The following Term, the Court construed the phrase “criminal prosecution” in a statutory context, and this time the Court squarely held that a “prosecution” does not encompass preindictment stages of the criminal process. In Virginia v. Paul, 148 U. S. 107 (1893), the Court considered Revised Statute §643, which authorized removal to federal court of any “ ‘criminal prosecution’ ” “ ‘commenced in any court of a State’ ” against a federal officer. Id., at 115. The respondent, a deputy marshal, had been arrested by Virginia authorities on a warrant for murder and was held in county jail awaiting his appearance before a justice of the peace “with a view to a commitment to await the action of the grand jury.” Id., at 118. He filed a petition for removal of “ ‘said cause’ ” to federal court. Ibid. The question before the Court was whether a “ ‘criminal prosecution’ ” had “ ‘commenced’ ” within the meaning of the statute at the time the respondent filed his removal petition.

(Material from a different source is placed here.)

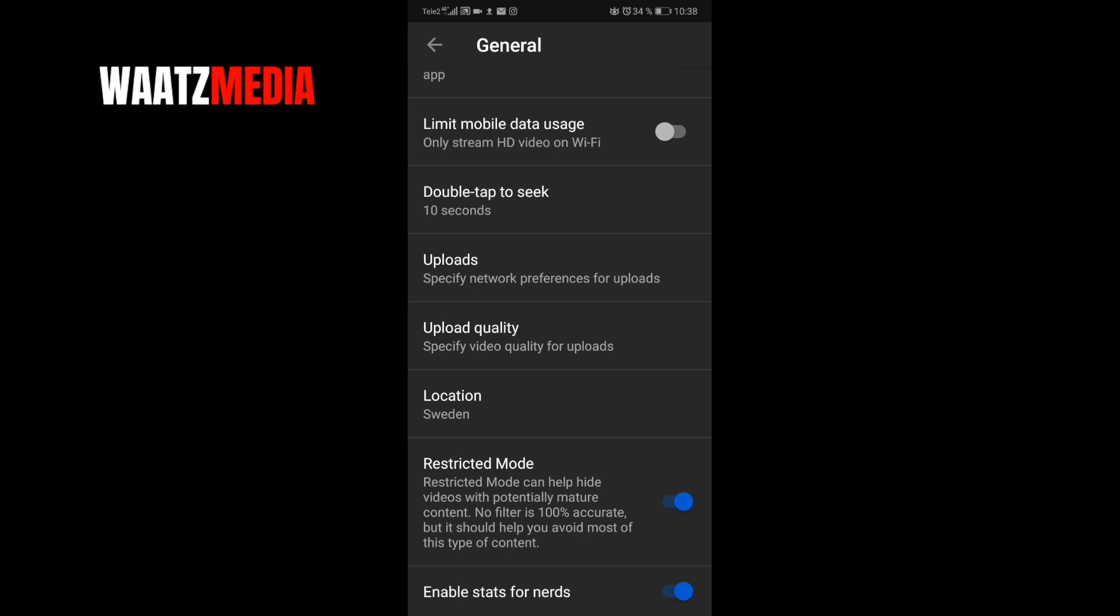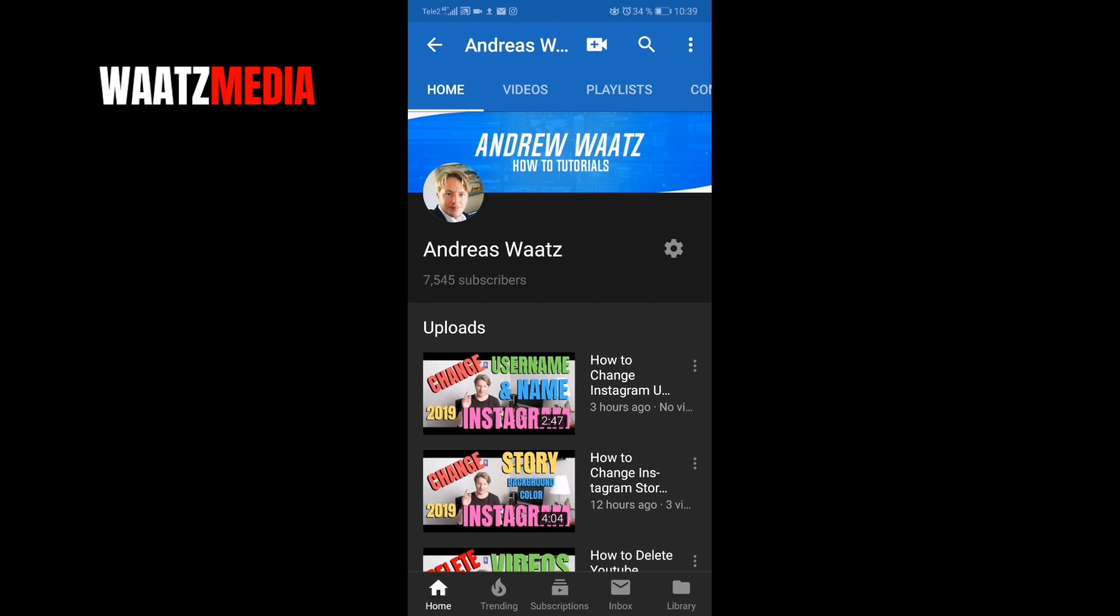If you want to turn off your restricted mode on your YouTube channel, just click on this switch button like that. This is how you can turn off your restricted mode on YouTube in 2019 with your Android and iPhone.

The Court held that a criminal prosecution had not commenced, and that removal was therefore not authorized by the terms of the statute. The Court noted that under Virginia law murder could be prosecuted only “by indictment found in the county court,” and that “a justice of the peace, upon a previous complaint, [could] do no more than to examine whether there [was] good cause for believing that the accused [was] guilty, and to commit him for trial before the court having jurisdiction of the offence.” Ibid. Accordingly, where “no indictment was found, or other action taken, in the county court,” there was as yet no “ ‘criminal prosecution.’ ” Id., at 119. The appearance before the justice of the peace did not qualify as a “prosecution”:

“Proceedings before a magistrate to commit a person to jail, or to hold him to bail, in order to secure his appearance to answer for a crime or offence which the magistrate has no jurisdiction himself to try, before the court in which he may be prosecuted and tried, are but preliminary to the prosecution, and are no more a commencement of the prosecution, than is an arrest by an officer without a warrant for a felony committed in his presence.” Ibid.

C

The foregoing historical summary is strong evidence that the term “criminal prosecutio[n]” in the Sixth Amendment refers to the commencement of a criminal suit by filing formal charges in a court with jurisdiction to try and punish the defendant. And on this understanding of the Sixth Amendment, it is clear that petitioner’s initial appearance before the magistrate did not commence a “criminal prosecutio[n].” No formal charges had been filed. The only document submitted to the magistrate was the arresting officer’s affidavit of probable cause. The officer stated that he “ha[d] good reason to believe” that petitioner was a felon and had been “walking around [an] RV park with a gun belt on, carrying a pistol, handcuffs, mace spray, extra bullets and a knife.” App. to Pet. for Cert. 33a. The officer therefore “charge[d]” that petitioner had “commit[ted] the offense of unlawful possession of a firearm by a felon—3rd degree felony.” Ibid. The magistrate certified that he had examined the affidavit and “determined that probable cause existed for the arrest of the individual accused therein.” Id., at 34a. Later that day, petitioner was released on bail, and did not hear from the State again until he was indicted six months later.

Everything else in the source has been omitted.